Data provided:
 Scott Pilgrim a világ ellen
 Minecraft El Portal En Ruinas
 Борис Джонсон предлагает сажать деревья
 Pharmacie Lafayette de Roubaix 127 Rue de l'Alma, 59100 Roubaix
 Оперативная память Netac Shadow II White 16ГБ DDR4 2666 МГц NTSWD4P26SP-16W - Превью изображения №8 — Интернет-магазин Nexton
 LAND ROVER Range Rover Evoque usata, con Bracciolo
* * *
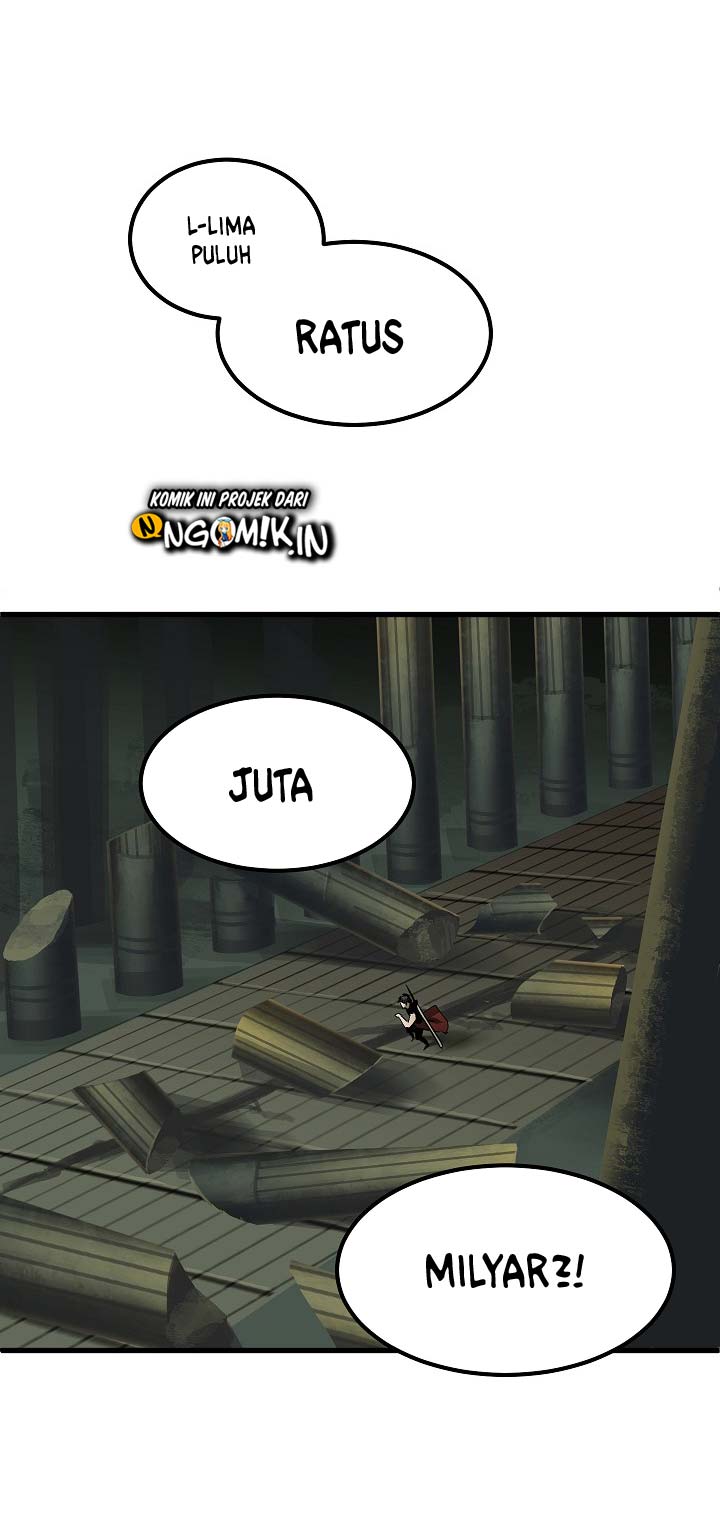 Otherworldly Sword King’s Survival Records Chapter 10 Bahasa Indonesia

What you are asked to do:
From the material above, set down exactly the lines starting at the one with "Minecraft El Portal En Ruinas" and ending at the one with "LAND ROVER Range", end lines included.

Task result:
 Minecraft El Portal En Ruinas
 Борис Джонсон предлагает сажать деревья
 Pharmacie Lafayette de Roubaix 127 Rue de l'Alma, 59100 Roubaix
 Оперативная память Netac Shadow II White 16ГБ DDR4 2666 МГц NTSWD4P26SP-16W - Превью изображения №8 — Интернет-магазин Nexton
 LAND ROVER Range Rover Evoque usata, con Bracciolo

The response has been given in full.